Gravity (Part 1)

December 5, 2016

The time has come to implement a gravitational potential in Cholla. To do this, I’ll need to couple the gravitational source terms to the momentum and energy equations:

\(\mathbf{S}_m = \rho \nabla \phi\) and \(S_E = \rho \mathbf{v} \cdot \nabla \phi\), where \(\nabla \phi = \mathbf{g}\) is the gradient of the gravitational potential (i.e. the gravitational acceleration).

To start, I’ve tried coupling the gravitational source terms in the simplest way possible to the hydro equations, via an the operator-split update at the end of the hydro step. This takes the form (in 1D):

$$(\rho v)^{n+1}_{i} = (\rho v)^{n}_{i} + \frac{\Delta t}{2} g (\rho^{n}_{i} + \rho^{n+1}_{i})$$ $$(\rho E)^{n+1}_{i} = (\rho E)^{n}_{i} + \frac{\Delta t}{4} g (\rho^{n}_{i} + \rho^{n+1}_{i})(v^{n}_{i} + v^{n+1}_{i}).$$

To test this, I’ll start with the simplest potential, a 1D constant gravitational acceleration in the y-direction.

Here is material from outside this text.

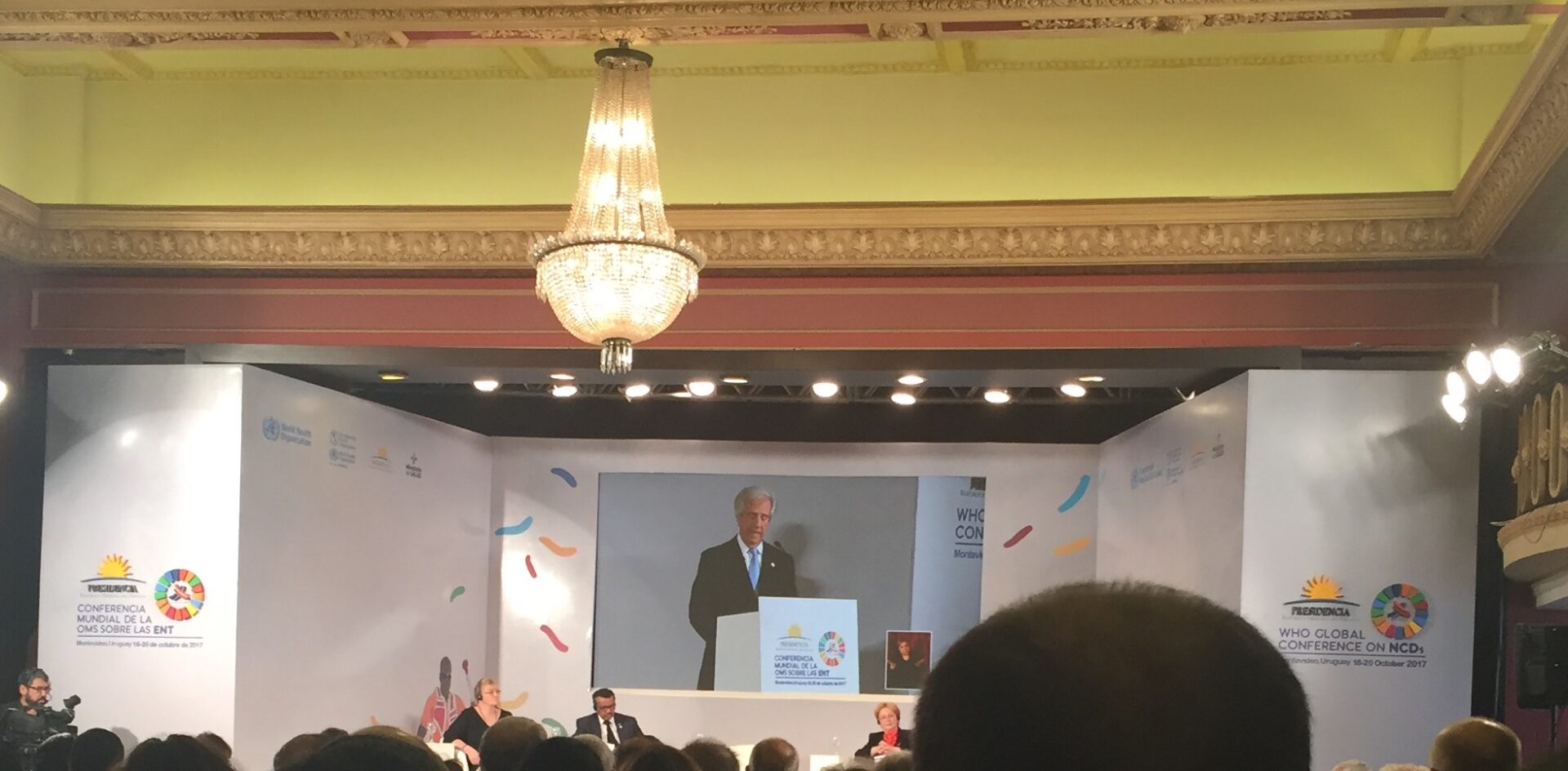 Governments commit to reduce suffering and deaths from noncommunicable diseases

Below is a test of a 2D Rayleigh-Taylor instability with the following parameters: \(\rho_{upper} = 2.0\), \(\rho_{lower} = 1.0\), \(g_{y} = -0.1\), \(\gamma = 1.4\). The two fluids are initally in hydrostatic equilibrium, so the initial pressure, \(P = P_0 + \rho g y\), where \(P_0 = 1.0/\gamma - \frac{1}{2} \rho g\) is set such that the sound speed \(c_s = 1.0\) at the interface. The inital velocities are perturbed according to \(v_y = 0.01 \mathrm{cos}(6\pi x) e^{-\frac{(y-0.5)^{2}}{0.1}}\), a single mode perturbation that tapers off from the interface. The test is run in a domain \(x = [0.0, \frac{1}{3}]\), \(y = [0.0, 1.0]\), with periodic x-boundaries and reflecting y-boundaries. For this run, I used 200x400 cells.

Below is a movie showing the evolution of the fluid until \(t = 8.5\). The color-scale represents the density from \(\rho = 1.0\) to \(\rho = 2.0\).

[EDIT: The earlier problems with the fluid bouncing around were due to a flipped sign in the initial conditions for the pressure.]